В наши дни этот способ почти не применяется фотографами, вероятно, из-за сложности процесса печатания. Между тем, увидев портреты гуммидрук, трудно поверить, что это фотографические снимки, настолько близки они к графике, к рисунку сангиной или углем. Достоинство этого способа состоит также в том, что он позволяет фотографу в процессе печатания вносить поправки в изображение.

Когда-то шли споры: законно ли внесение тех или иных изменений в негатив после его проявления? Традиция требовала, чтобы все заснятое содержалось в самом негативе и было неприкосновенно, и чтобы в отпечатке не было ничего привнесенного извне. Сейчас среди некоторых фотографов-художников эти положения вызывают недоумение. Казалось бы, чем больше творчества автор вносит в портрет, тем лучше, независимо от того, в какой стадии работы он прилагает свои творческие силы.

На первый взгляд кажется, что бланк, на который клеится фотокарточка не имеет никакого значения для фотомастерства. А на деле бланки в дореволюционной фотографии часто подчеркивали ее пошлость, безвкусицу, резкое отличие от произведения искусства. Фотокарточки было принято целиком наклеивать на толстые, твердые картонные бланки, с золотым обрезом, с вытесненными на них фамилией владельца фотографии, его титула, с изображением медалей и наград. Специальные фабрики занимались изготовлением этих шаблонных стандартных бланков.

Я перепробовал самые различные бланки, стараясь подбирать их в соответствии с характером фотокарточки. Большей частью я употреблял вместо бланков белую ватманскую бумагу. Подкладкой портрету служила тонкая желтая бумага, узкие полосы которой окаймляли его, смягчая переходы от черного к белому. Фотография на подкладке приклеивалась к ватману. При этом я наклеивал лишь верх портрета, он не прилегал плотно к паспарту, а свободно лежал на ватмане, белые поля которого выгодно оттеняли изображение.

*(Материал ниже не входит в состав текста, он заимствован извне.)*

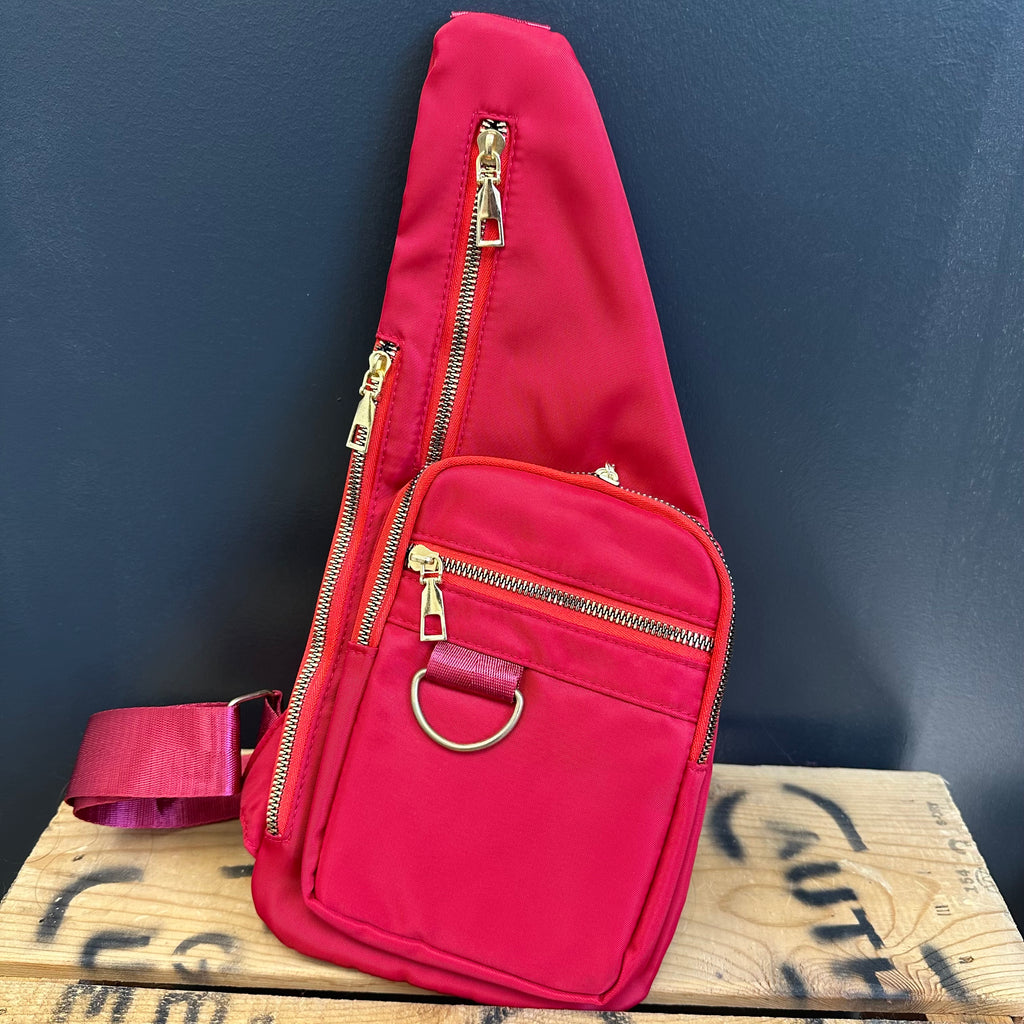 Red sling bag with gold zippers on a wooden surface against a dark blue background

Для фотографий размера 18х24 см я иногда приобретал паспарту из тонкого картона в виде книжки. Она открывалась, внутри лежал портрет, верхние углы которого были приклеены к картону.




ВСТРЕЧА С НОВЫМ ЧЕЛОВЕКОМ


ПОРТРЕТ В. И. ЛЕНИНА

Еще не отгремели залпы Февральской революции, еще на Невском проспекте слышались пулеметные выстрелы, а ко мне в фотографию уже пришел новый клиент, человек будущего нового общества. Это был делегат с фронта. В старой солдатской шипели, зрелого возраста, заросший бородой, с открытым взглядом светлых глаз. В нем сразу почувствовалась уверенность, спокойствие человека, который твердо стоит на земле, избрал свой путь и решительно шагает по нему.

Если мне не изменяет намять, он пришел сфотографироваться для удостоверения личности или какого-то пропуска. Но я ухватился за возможность запечатлеть его образ, мне захотелось создать картину на новую тему. Я увлеченно принялся за работу над портретом солдата революции. Его старую шинель я набросил ему на плечи, подняв ворот, и дал ему в руки красное знамя, на котором потом на негативе написал акварелью: «Свобода».

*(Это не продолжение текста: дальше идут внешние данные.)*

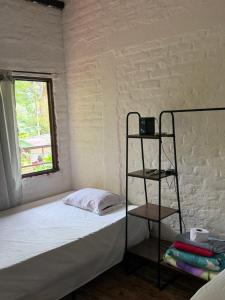 a small bedroom with a bed and a shelf at hospedaje ecopolis birds in El Queremal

Конечно, это было весьма примитивное, слишком прямолинейное и, главное, внешнее решение темы.

Еще один снимок запомнился мне. Сразу же после Октябрьской революции я сделал портрет, назвав ею «Пулеметчик». Впоследствии он выставлялся на фотовыставках. Далекий от военной среды, я впервые так близко увидел красногвардейца. Внешность этого человека — ловкого, гибкого, в котором чувствовалась инициатива, воля, не свойственная солдату царской армии, непринужденная манера держаться, — все говорило о том, что передо мной был совершенно новый характер. Я обрадовался, но и несколько растерялся, почувствовав свою жизненную неопытность. До сих пор я не знал таких людей. Мне захотелось выразить присущую этому человеку динамику, я попробовал снять его стоящим на одном колене, как бы у пулемета; не знаю, насколько естественно это вышло.

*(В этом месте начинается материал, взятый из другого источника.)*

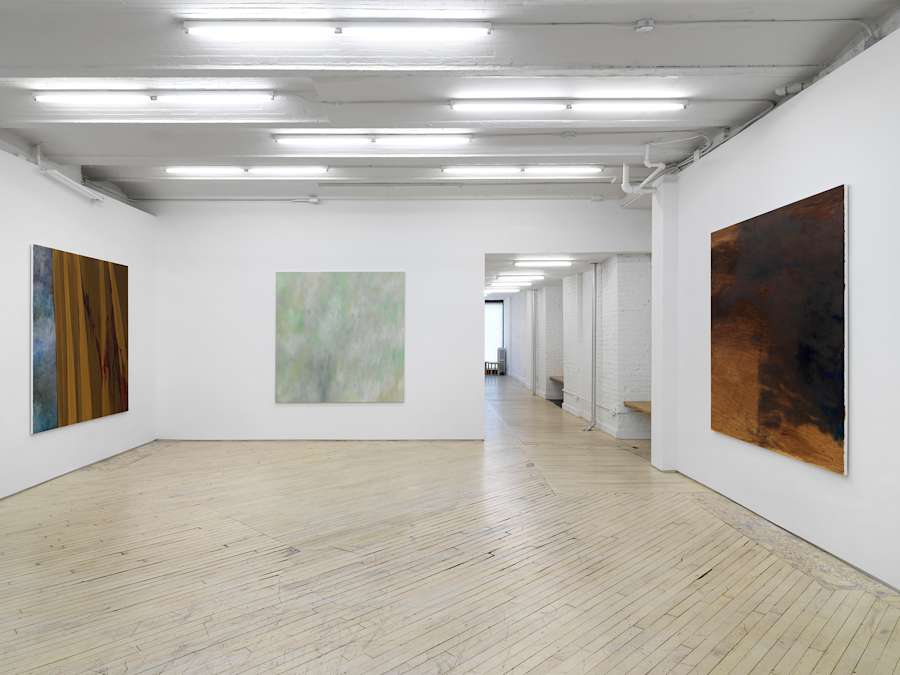 Three large, square abstract paintings installed on separate walls in a large gallery space with the long hallway in the back.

То были мои первые впечатления и поиски выражения в фотографии революционной действительности.

Настоящий же перелом в моем отношении к портрету, в моем подходе к раскрытию образа произошел после того, как мне посчастливилось фотографировать Владимира Ильича Ленина.

На мою долю выпала честь зафиксировать для будущего образы великих людей, осуществивших исторический переворот.

Пришлось отбросить все приемы трактовки, усвоенные ранее, искать новые средства для правильного отображения людей, совершивших революцию, которая потрясла мир. Во внешнем облике этих героев не было ничего декоративного, театрального. Наоборот, это была сама простота. Понадобилось немалое напряжение сил. воображения, чтобы постичь глубину огромной воли, показать внутренний мир великого мыслителя и простого человека.

В один из январских дней 1918 года мне сообщили, что за мной приедут из издательства, чтобы сделать фотопортрет В. И. Ленина. По дороге в Смольный я думал, волнуясь о предстоящей встрече с великим человеком: «Каков он? Как отнесется ко мне и к моей работе? Удастся ли мне сделать достойный портрет?» Портретов Ленина в то время еще не было. Мне предстояло первому запечатлеть его образ для истории.

Я был далек от политики, и мои представления о деятелях революции были весьма наивны. В моем воображении Ленин был одет в необычный мундир, чуть ли не с кортиком...

Мы подъехали к Смольному. Прошли по узкому длинному коридору — еще недавно здесь разгуливали «благородные девицы» Смольного института. Между колонн портала был установлен пулемет, около него стояли красногвардейцы. Комендант здания пропустил нас наверх. Мы поднялись на третий этаж.

В небольшом кабинете, перегороженном низким барьером, за столом сидела скромно одетая, с усталым лицом, женщина. Это был секретарь В. И. Ленина — Л. Л. Фотиева. Узнав, что я приехал фотографировать Ленина, она сейчас же позвонила. Из другой комнаты выбежал молодой паренек в рубашке навыпуск. Оба они приняли горячее участие в подготовке к съемке.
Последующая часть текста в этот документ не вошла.